The most notable contribution of this study is that it was able to prospectively produce a relatively long-term synthesized ET dataset for Northern China with a fine spatial resolution and relatively low uncertainties; additionally, the synthesized ET dataset performed well against the flux EC ET measurements and using water balance method for assessment. This synthesized ET dataset for Northern China provided ET estimations for tested underlying surfaces. Therefore, this synthesized ET dataset has the potential to support regional studies in Northern China over longer temporal periods.

Since different ET products have varying data availabilities, the synthesis ET dataset was built with six individual ET products. Furthermore, the raw spatial resolution of the component ET datasets before 2003 is originally coarse and resampled to 1 km with the nearest neighborhood technique to ensure the consistency with the synthesis dataset from 2003 to 2017. Considering the abovementioned, further study needs more focus on harmonizing the synthesized results of different periods for the improvements of the coherence among pixels. Furthermore, there are no flux observation datasets accessible before 2003; the method proposed in this research would be inapplicable if the synthesis products were required to cover a longer period. Summarizing the abovementioned points, further study on the synthesis method needs to first consider ET products with coarse and fine spatial resolutions. Then, assessment methods of ET products without in situ EC ET measurements should be considered, such as the triple-colocation (TC) method [96] or extended triple-colocation (ETC) method [97]. The uncertainties of certain datasets can be calculated through such methods, while the weights of the datasets for synthesis are inversely proportional to the uncertainty value. The possibilities of applying TC or ETC methods to synthesize ET products with higher spatial resolutions should be further explored.

6. Conclusions

This study provided an effective method for assessing ET products with in situ measured flux EC ET across different months and various underlying surface types to develop a long-term synthesis ET dataset for Northern China. The comprehensive assessment was carried out under different conditions, namely, over interannual months and across different land cover types, climatic zones and elevation levels, and the latter three conditions were stratified into three classes. With the implementation of eight assessment indicators (R, d, ME, RME, MAE, RMAE, RMSE, RRMSE), the ET products that performed best were selected to generate the synthesis ET dataset over different time ranges. It was demonstrated that the PML_V2, ETWatch, GLEAM 3.3a, CR_ET and SSEBop ET products showed the best performance throughout the assessments together, with the consideration of their spatial resolutions and temporal ranges. No single ET product is likely to perform best under all assessment indicators in all conditions, so this study built the synthesis ET dataset from 2003 to 2017 with the weighted mean of the selected high-resolution PML_V2, ETWatch and SSEBop dataset, and the synthesis ET dataset from 1982 to 2002 with the weighted mean of the selected GLEAM 3.3a, CR_ET and NTSG, which had a higher agreement with and a lower deviation from the in situ measured flux EC ET under all conditions. The weights were determined from the Taylor skill score calculated with the ET product and flux EC ET. Moreover, the ensemble ET estimations from 2003 to 2017 over all types of underlying surfaces performed well when compared with the in situ measured flux EC ET, while the ensemble ET estimations from 1982 to 2002 performed well using the water balance method in Heihe River Basin.

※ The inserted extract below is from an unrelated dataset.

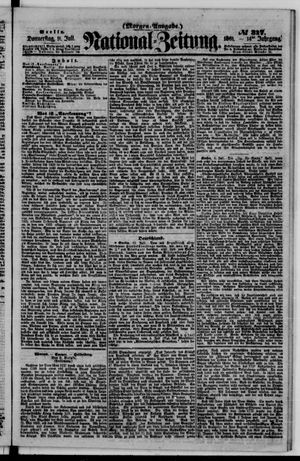 Nationalzeitung vom 11.07.1861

The assessment results over interannual months and across every land cover type, climatic zone and elevation level produced information regarding the performance of ET products under different conditions present in Northern China. Overall, the ET synthesis product proposed in this study improved the accuracy of ET estimations to some extent in Northern China, which can be conducive to relevant hydrological, ecological and agricultural research areas.